Dear Such a Fun Age,
I knew going into reading you that I would probably enjoy you. Contemporary fiction is my jam. I had no clue HOW much I would enjoy you. Amira was such a likeable character, so relatable. I knew many people like her in my 20's. People who just had no idea what they wanted out of life. Alix was so perfectly unlikable and so unaware of who she was and how she was appearing to the rest of the world. And her girlfriends were just as detestable. There was so much layered inside this story; beyond race and class conversations, which were apparent. There was also the conversation of perception of the past and the lies we all tell ourselves. There is a lot about the person we are inside, and who we portray to the outside world and the difference between those people. This was a huge book with so many things that I will be thinking about for a while.
I picked this book up because of the intriguing synopsis, but I soon discovered that the incident described in the synopsis is very quickly over and done with, and what follows is (what I believe to be) more of a focus on the effects that this incident had on the mother of the child involved.

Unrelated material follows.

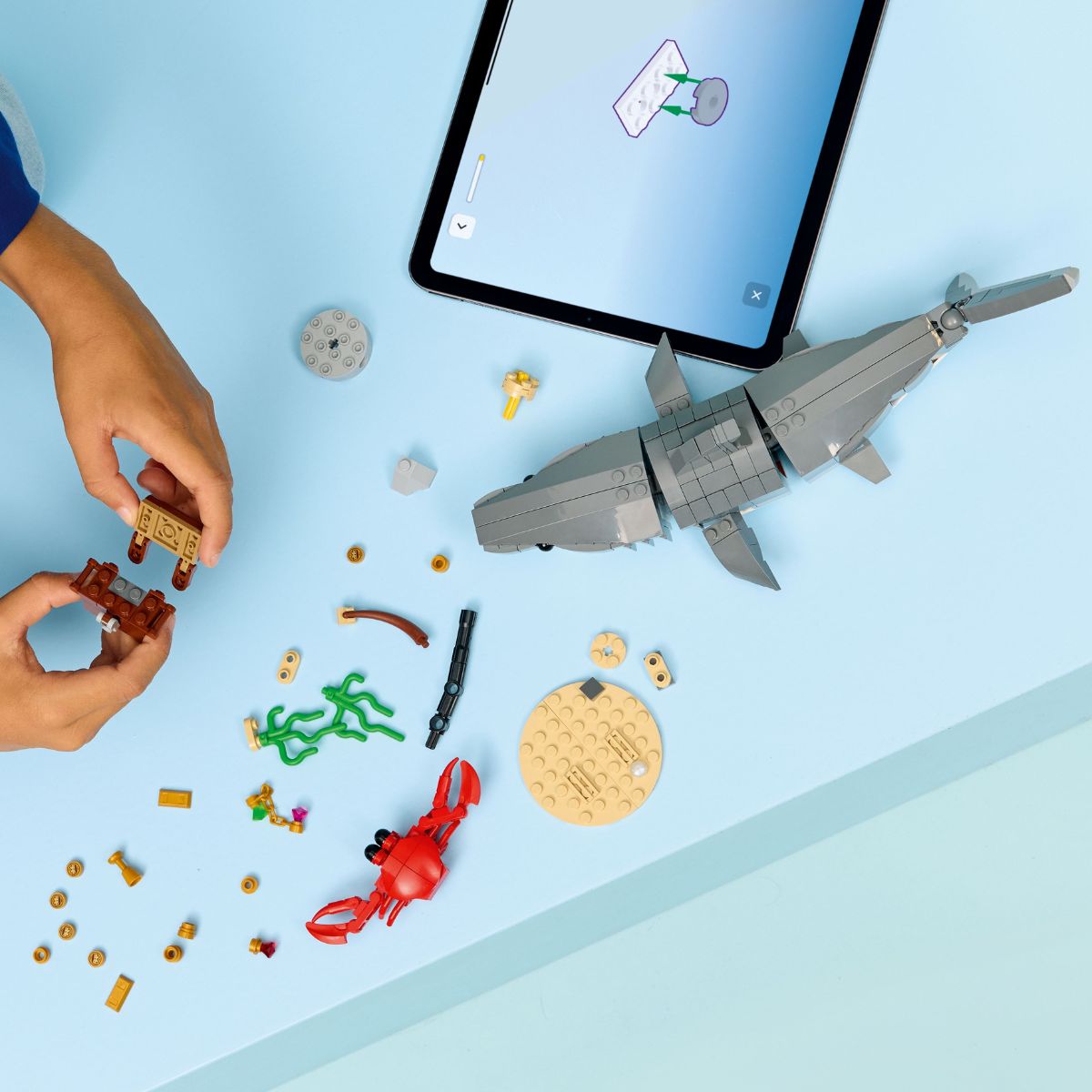 Đồ Chơi Lắp Ráp Cá Mập Đại Dương Và Rương Kho Báu LEGO CREATOR 31381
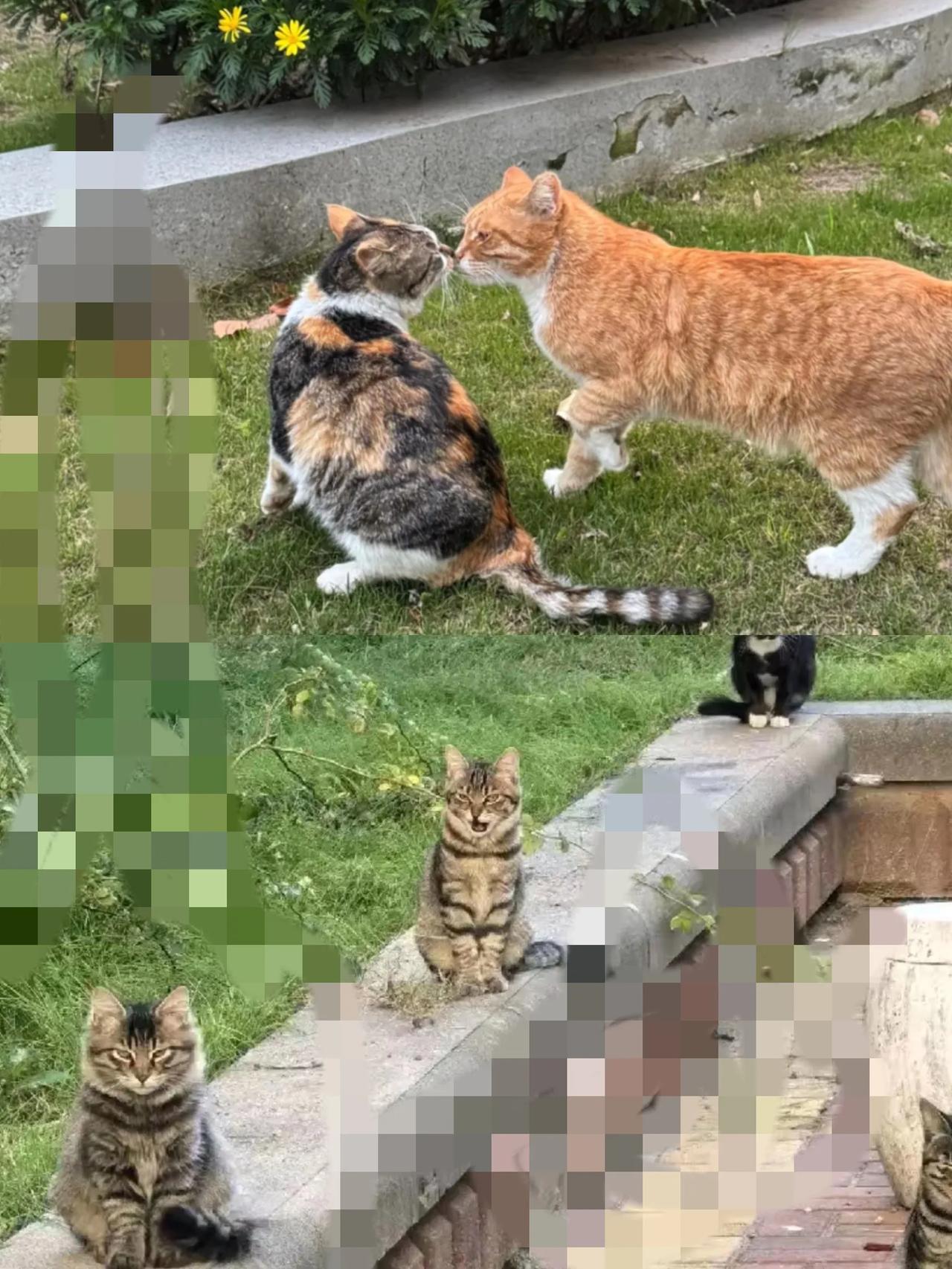 家人们谁懂啊！最近在小区散步，流浪猫越来越多了！以前偶尔才碰上一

While it was interesting to explore the events through the lens of the mother, I would have preferred more of a focus on our black main character and her thoughts on being the target in the incident. Instead, Amira is swept up in a romance which then becomes the entire focus of the book. This unfortunately meant that the commentary on race, privilege and performative allyship as it relates to our main character was pushed aside.
Overall, my feelings for this book are very neutral. At the end I was left wanting more, not because I was intrigued, but more because I felt there was more to be explored; the characters' resolutions felt very forced as their attitudes and stories hadn't reached a natural conclusion.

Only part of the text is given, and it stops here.